独身時代はクリーニング屋さんに依頼、結婚してからは私のすてきな奥様に依頼していたが、2年ほど前、第1子がただでさえ手がかかるのに加え(「ああ息子」で救われました)、第2子も当時1歳であり普通に手がかかるため、忙しい奥様の負担を減らすのと、義父が現役の頃そうしていたという話を聞いたのと、直接的には林望先生の「くりやのくりごと―リンボウ先生家事を論ず (集英社文庫)」に自分でアイロンがけをしている様(超高速アイロンがけの手順も披露)に触発されたことと、何より、自分のシャツの選択権と制御権を取り戻すことが渾然一体となって昇華し、アイロンがけの役目(ただし自分のだけ)を率先して(今頃になって)引き受けたたのである。

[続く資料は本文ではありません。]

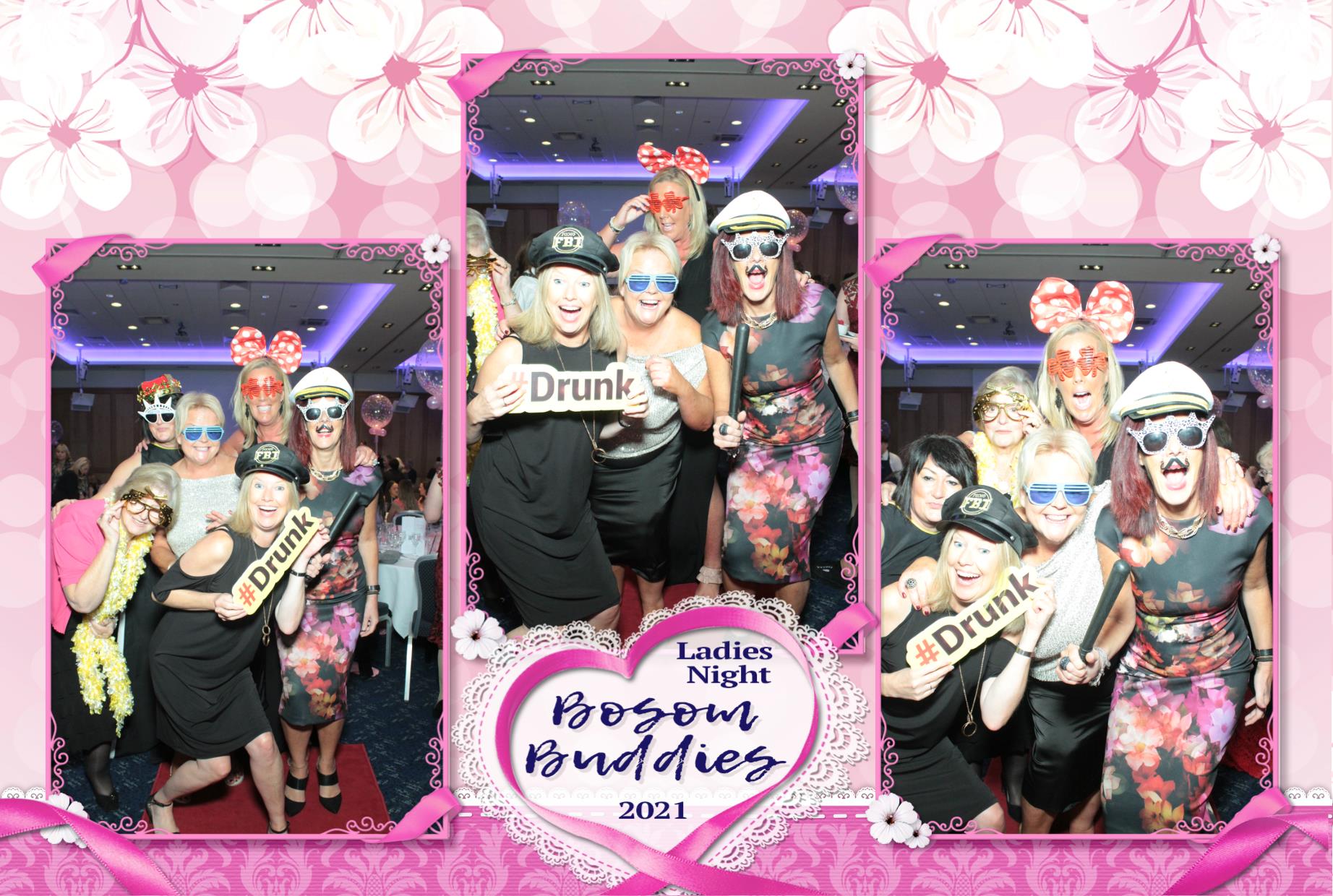Bosom Buddies 2021 | View more photos from the event at gallery.myphotoboothexperience.co.uk/u/MyPhotoBoothExperienceLtd/Bosom-Buddies-2021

ここで制御権とは、シャツをいつアイロンがけをするか決定できる権利のことで、アイロンがけを依頼することにより発生し、副次的ににもやもやとした主従関係ができてしまい、たとえば、急な用事で出かけるときに依頼先の都合に合わせないとシャツが着られないことなどがあり、自ら進んでアイロンがけ作業を行うことにより、結果的に時間的肉体的束縛を受ける代わりに作業依頼による心理的負担を減らすことができる(なんともったいぶった書き方であることよ)。
おかげで毎朝早起きは三文の得状態である。
ところで、アイロンがけは生地が湿った状態でないとうまくいかない。
湿った状態から乾いた状態へ遷移するときに生地が型として定着するので、もともと乾いているとしわが伸びないのである。

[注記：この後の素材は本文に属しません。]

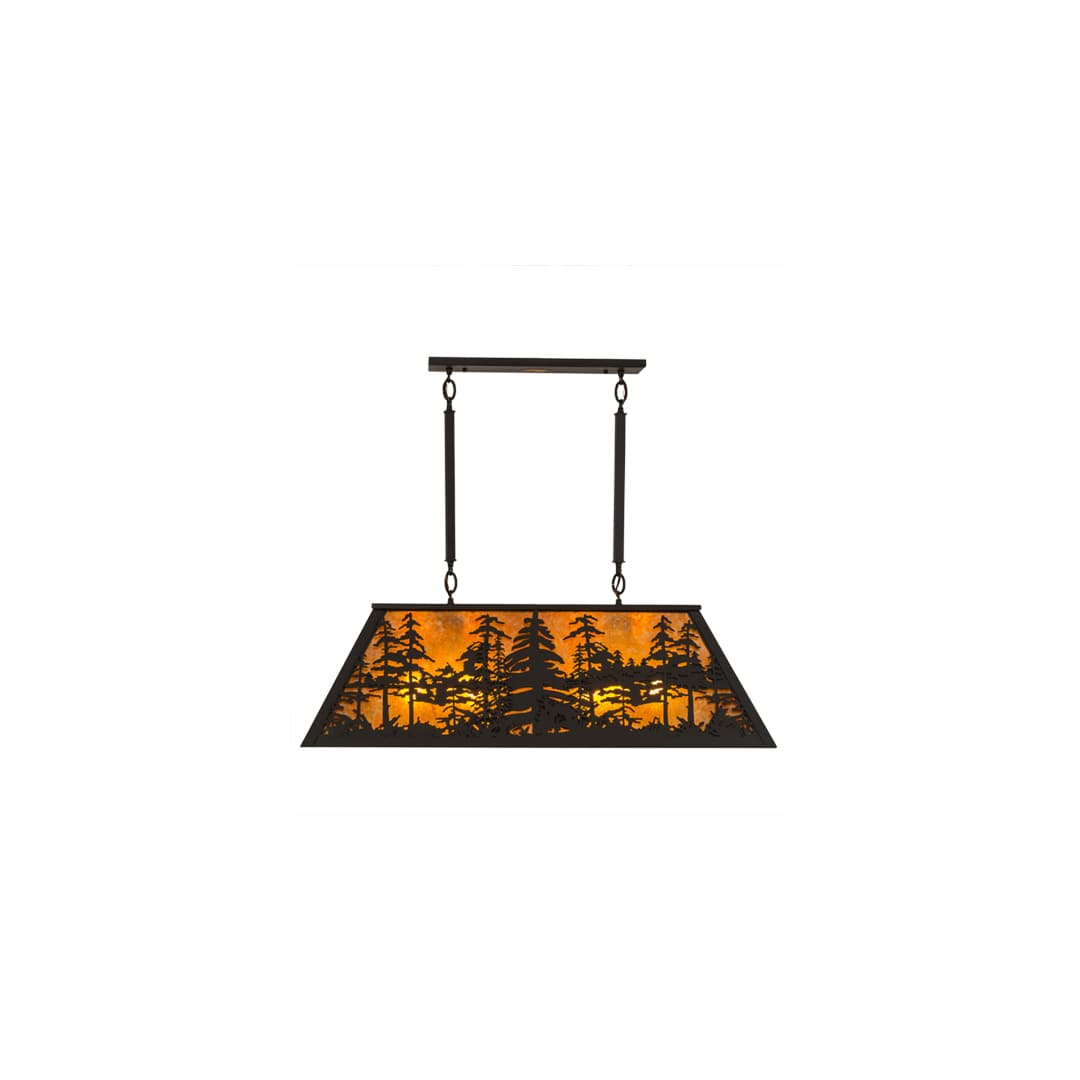 Tall Pines 6 Light 36" Wide Linear Pendant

そのため霧吹きなどいうものが存在するので、林望先生は先の書で洗濯した後の乾ききる前のやや湿ったシャツにアイロンをかけることで時間の短縮を図ったというし、クリーニング屋さんではアイロン台の下から強制的に蒸気を吸い込む装置を使うことで高効率な作業と安定した仕上がりを確保しているようだ。
乾くと型になる似たようなものとして、陶器磁器などの焼き物、セメント類(コンクリート、モルタル)、パン・クッキーなどの焼き菓子類、などがあり、似ているが全く違うものとしてご婦人方のスキンローションがある(もしかしてそれら商品は、皺を取るには潤いが必要、と日々アイロンがけにいそしむ多くのご婦人方の深層心理に訴えているのかもしれない)。
よく、知識を吸収する、と言うが、その知識は実践として使ってみないと身につかない、いわばスポンジの水状態でだだ漏れである。身につくとそれは型であり、水がスポンジの中に凝固され閉じこめられるようなイメージ。
湿った生地は柔らかく、ぞうきんなどを除いて実用に適さず、プレスした生地は堅く一度ついた型は次に湿るまでなかなか取れない。
時代の趨勢により時代遅れとなった知識やもともと誤った知識に基づいた型を正すためには、もう一度湿らす必要がある。
自分で自分に霧吹きをかけなければいけない。
さて、アイロンがけをするようになると雨の日にズボンのプレスが崩れてくるのが気になるのである。